> [Your instructions]: Could you reproduce the lines below from the one with "Prodejna smíšeného zboží" through the one with "Suite, 1 King"? Keep both ends and add nothing.

> [Record extracts]:
###

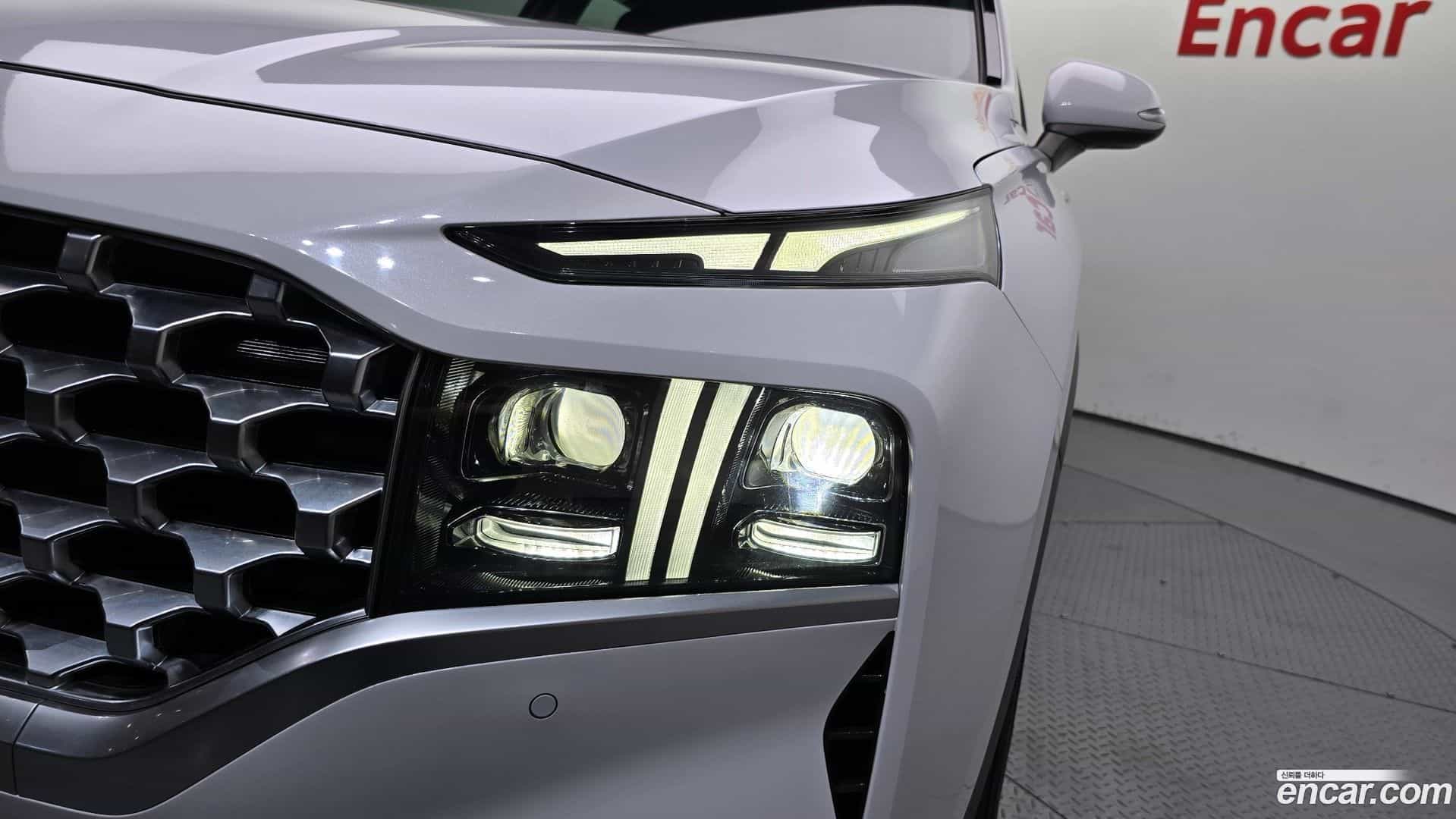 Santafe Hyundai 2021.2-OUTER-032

###

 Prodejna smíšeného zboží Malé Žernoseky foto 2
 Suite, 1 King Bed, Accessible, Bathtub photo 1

###

> [Response to the exercise]:
 Prodejna smíšeného zboží Malé Žernoseky foto 2
 Suite, 1 King Bed, Accessible, Bathtub photo 1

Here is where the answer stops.